It wouldn't make sense to spec it that way. The spec just has one mutex, 
it's not per-origin -- that you can implement it per-domain is an 
optimisation that is enabled by design, but it isn't how the spec defines 
it. So you can never block, the way the spec is written (since there's no 
way to ever do a synchronisation of multiple processes).

In addition, as mentioned above, the storage mutex is released in many 
cases other than just those that could lead to a thread grabbing the mutex 
on behalf of two origins at once.

I guess I could add a note in the "obtain the storage mutex" algorithm 
saying that if the UA implements the storage mutex per-origin, then it 
should never be able to reach this algorithm while holding the mutex from 
an origin different than the one it's about to try to grab. Would that 
help? I'm not sure it makes sense to say that, though, given the lack of 
per-origin mutexes in the spec.

> >> 2) Set a break point in the Mozilla JS debugger.  This runs a nested 
> >> event loop each time you single step so that it can drive the rest of 
> >> the browser UI.
> >>
> >> 3) Install a Firefox extension that runs a nested event loop in 
> >> response to an event generated by content.  I debugged many Firefox 
> >> crashes resulting from extensions that do this kind of thing for 
> >> various reasons.
> >
> > These are internal Mozilla issues and should not be allowed to 
> > influence the design of the Web platform.

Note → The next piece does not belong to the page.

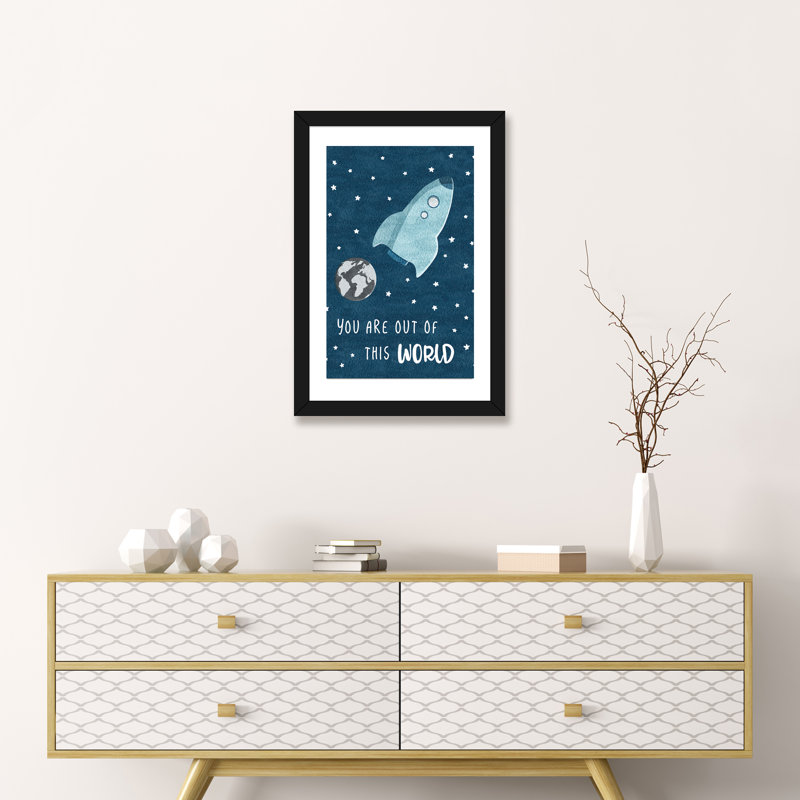 « out of the world », art, H 24 po x l 16 po x P 1 po, Papier avec cadre noir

They'll probably change for 
> > multi-process anyway.
> 
> OK, but my point is that the spec should afford implementors with the 
> ability to unlock the storage mutex at other times for reasons not 
> mentioned in the spec.

How do we do that without making the mutex-free implementation correct?

> OK. Please note my objection to the storage mutex.

I think everyone objects to the storage mutex. The problem is we have 
nothing better. Race conditions aren't better.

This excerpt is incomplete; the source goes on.